There's an old joke about a retailer: margins thin already but trying to attract customers, the retailer decided to have a big sale. After looking at the proposed discounts, an assistant questioned the strategy, noting that they would lose money on each transaction.
The retailer said, "That's okay -- we'll make it up on volume!"
Another little story: I am working on a quilt. I'm pretty good at math. It's easy for me to design quilts, calculate the yardage needed, figure how many pieces to cut. For the current project I calculated the length of strips needed for borders. I cut the fabric carefully, sewed strips together, cut long pieced strips to correct border lengths. And yet I didn't have enough. I calculated again. Hmm... there should be enough there. So I checked, laying the strip against the finished quilt center, and sure enough, it was still too short. My eyes were not deceiving me.
How could that happen? After calculating the third time and coming up with the same solution, I finally realized the calculation was correct, but the inputs were wrong.
A classic example of garbage in, garbage out.
One more story: a year or so ago, a large number of my Finance students thoroughly miscalculated an exam problem.
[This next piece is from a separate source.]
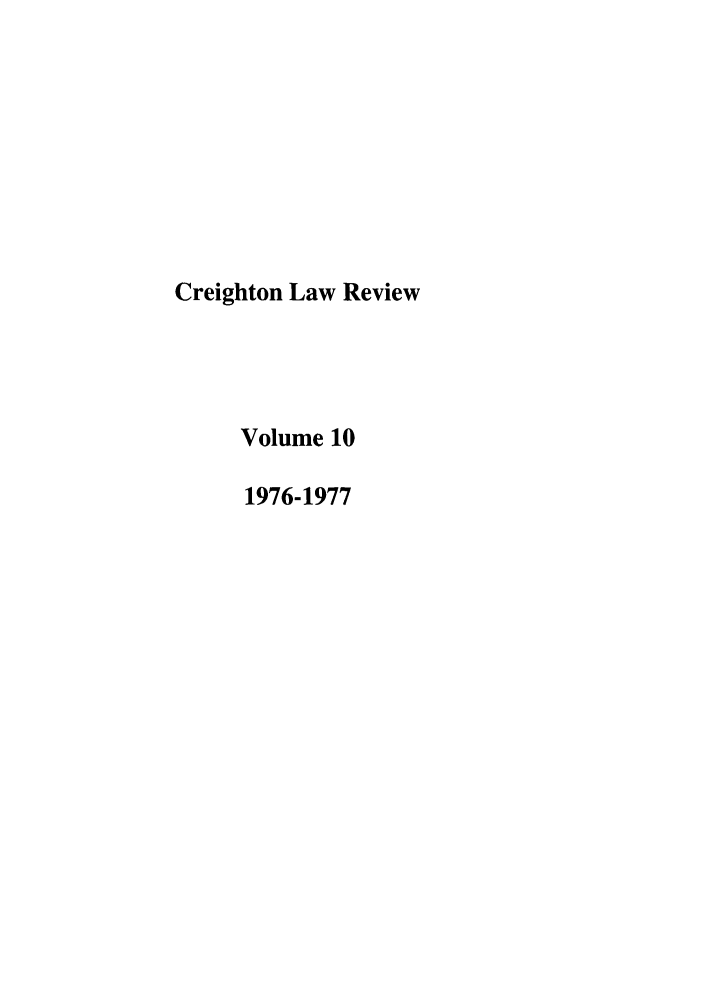 handle is hein.journals/creigh10 and id is 1 raw text is: Creighton Law Review
Volume 10
1976-1977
It was a calculation they should have learned in their survey class, not difficult if they understood what they were trying to achieve.
When I handed exams back, several tried to argue that they had done it right. I explained where their mistake was. Then, shockingly, someone asked me why they had to do it my way, when that wasn't how they'd learned it.
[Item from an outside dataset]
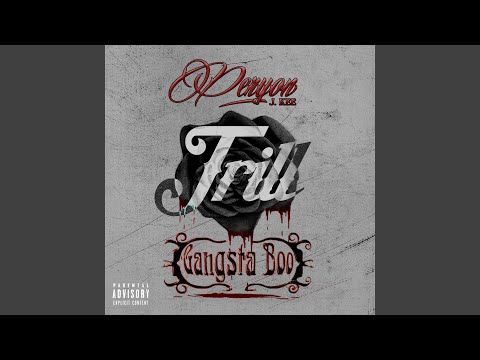 Trill (feat. Gangsta Boo)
I told them, "You have to do it MY way because that is the RIGHT way!! It's a simple thing: money coming in has a DIFFERENT sign than money going out."
They had learned process without understanding.
As President Clinton said, "It's arithmetic."
The retailer who loses money in the long run goes out of business. The quilter who consistently makes math errors resorts to quilting by recipe, shifts to art quilting, or switches to another hobby. Students who learn without understanding will not hold jobs for long, and if they do, heaven help their clients.
It's arithmetic. Subtracting more does not increase the result. Inputting the wrong numbers leads to the wrong answer. Misunderstanding the problem means you can't develop a good solution.
The Republican's tax-cut policy makes all of these mistakes.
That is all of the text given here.